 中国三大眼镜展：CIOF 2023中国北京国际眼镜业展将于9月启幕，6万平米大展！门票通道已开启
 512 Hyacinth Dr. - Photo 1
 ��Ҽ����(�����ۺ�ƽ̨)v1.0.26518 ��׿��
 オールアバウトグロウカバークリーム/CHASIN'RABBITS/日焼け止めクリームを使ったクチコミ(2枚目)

--

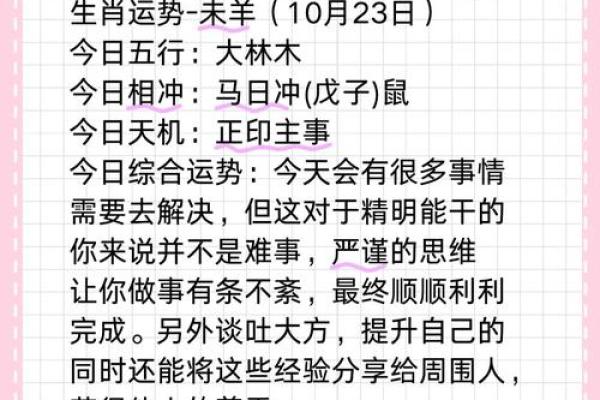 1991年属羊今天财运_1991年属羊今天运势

● What the exercise asks
Within the listing above, extract exactly the lines from the line with "中国三大眼镜展：CIOF 2" to the line with "オールアバウトグロウカバーク", the two named lines included, and no others.

● Output of the task
 中国三大眼镜展：CIOF 2023中国北京国际眼镜业展将于9月启幕，6万平米大展！门票通道已开启
 512 Hyacinth Dr. - Photo 1
 ��Ҽ����(�����ۺ�ƽ̨)v1.0.26518 ��׿��
 オールアバウトグロウカバークリーム/CHASIN'RABBITS/日焼け止めクリームを使ったクチコミ(2枚目)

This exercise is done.